Return each line exactly as written. Begin with the first line of the entries and end with the line that has "Mason Light Brown".

──────── SUPPLIED DATA

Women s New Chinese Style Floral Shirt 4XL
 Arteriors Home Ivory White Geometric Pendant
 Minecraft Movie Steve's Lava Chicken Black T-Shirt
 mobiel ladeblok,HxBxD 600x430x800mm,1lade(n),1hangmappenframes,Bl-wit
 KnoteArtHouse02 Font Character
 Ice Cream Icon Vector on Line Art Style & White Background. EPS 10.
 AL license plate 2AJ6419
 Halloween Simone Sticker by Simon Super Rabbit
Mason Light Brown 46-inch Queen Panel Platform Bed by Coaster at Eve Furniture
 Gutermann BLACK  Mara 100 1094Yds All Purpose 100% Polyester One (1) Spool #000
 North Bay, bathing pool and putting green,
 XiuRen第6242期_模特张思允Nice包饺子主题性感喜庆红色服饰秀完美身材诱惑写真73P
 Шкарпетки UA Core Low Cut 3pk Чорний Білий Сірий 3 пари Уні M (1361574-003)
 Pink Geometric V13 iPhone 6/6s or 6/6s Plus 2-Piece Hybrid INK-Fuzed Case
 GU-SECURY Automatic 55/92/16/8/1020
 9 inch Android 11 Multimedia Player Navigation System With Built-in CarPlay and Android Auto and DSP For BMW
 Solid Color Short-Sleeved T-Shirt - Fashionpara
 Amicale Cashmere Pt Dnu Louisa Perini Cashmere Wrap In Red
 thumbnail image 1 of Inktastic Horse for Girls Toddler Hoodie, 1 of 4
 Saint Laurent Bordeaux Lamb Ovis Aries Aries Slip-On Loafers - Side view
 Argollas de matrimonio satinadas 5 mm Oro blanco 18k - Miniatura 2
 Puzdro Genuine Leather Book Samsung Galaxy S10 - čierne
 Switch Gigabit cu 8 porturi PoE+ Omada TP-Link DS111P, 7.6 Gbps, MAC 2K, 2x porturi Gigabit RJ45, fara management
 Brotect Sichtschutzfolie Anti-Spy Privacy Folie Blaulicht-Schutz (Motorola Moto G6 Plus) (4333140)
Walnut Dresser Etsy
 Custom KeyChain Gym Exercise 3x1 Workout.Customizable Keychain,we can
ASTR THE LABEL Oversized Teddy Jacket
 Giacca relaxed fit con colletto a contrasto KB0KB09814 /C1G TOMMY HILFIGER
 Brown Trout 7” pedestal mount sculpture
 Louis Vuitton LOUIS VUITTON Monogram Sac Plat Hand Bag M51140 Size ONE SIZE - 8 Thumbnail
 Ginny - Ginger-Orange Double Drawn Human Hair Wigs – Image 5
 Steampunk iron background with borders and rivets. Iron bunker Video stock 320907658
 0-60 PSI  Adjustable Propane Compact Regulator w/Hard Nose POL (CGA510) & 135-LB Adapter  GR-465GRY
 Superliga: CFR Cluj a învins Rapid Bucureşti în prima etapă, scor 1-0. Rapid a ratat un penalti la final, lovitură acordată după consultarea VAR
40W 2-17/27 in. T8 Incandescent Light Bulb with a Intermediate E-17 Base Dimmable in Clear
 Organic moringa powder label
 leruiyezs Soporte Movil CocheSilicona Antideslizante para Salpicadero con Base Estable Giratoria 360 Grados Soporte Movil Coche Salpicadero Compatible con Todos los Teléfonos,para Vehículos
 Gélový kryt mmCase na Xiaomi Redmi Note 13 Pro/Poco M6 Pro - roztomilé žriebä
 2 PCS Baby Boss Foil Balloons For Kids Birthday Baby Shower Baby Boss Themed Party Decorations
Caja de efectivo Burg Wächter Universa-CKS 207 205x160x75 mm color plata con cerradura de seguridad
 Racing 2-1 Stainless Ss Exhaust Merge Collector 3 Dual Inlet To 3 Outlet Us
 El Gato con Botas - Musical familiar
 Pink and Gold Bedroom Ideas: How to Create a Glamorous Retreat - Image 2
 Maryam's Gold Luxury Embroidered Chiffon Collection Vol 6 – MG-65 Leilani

────────────────

_TASK RESPONSE:_
Women s New Chinese Style Floral Shirt 4XL
 Arteriors Home Ivory White Geometric Pendant
 Minecraft Movie Steve's Lava Chicken Black T-Shirt
 mobiel ladeblok,HxBxD 600x430x800mm,1lade(n),1hangmappenframes,Bl-wit
 KnoteArtHouse02 Font Character
 Ice Cream Icon Vector on Line Art Style & White Background. EPS 10.
 AL license plate 2AJ6419
 Halloween Simone Sticker by Simon Super Rabbit
Mason Light Brown 46-inch Queen Panel Platform Bed by Coaster at Eve Furniture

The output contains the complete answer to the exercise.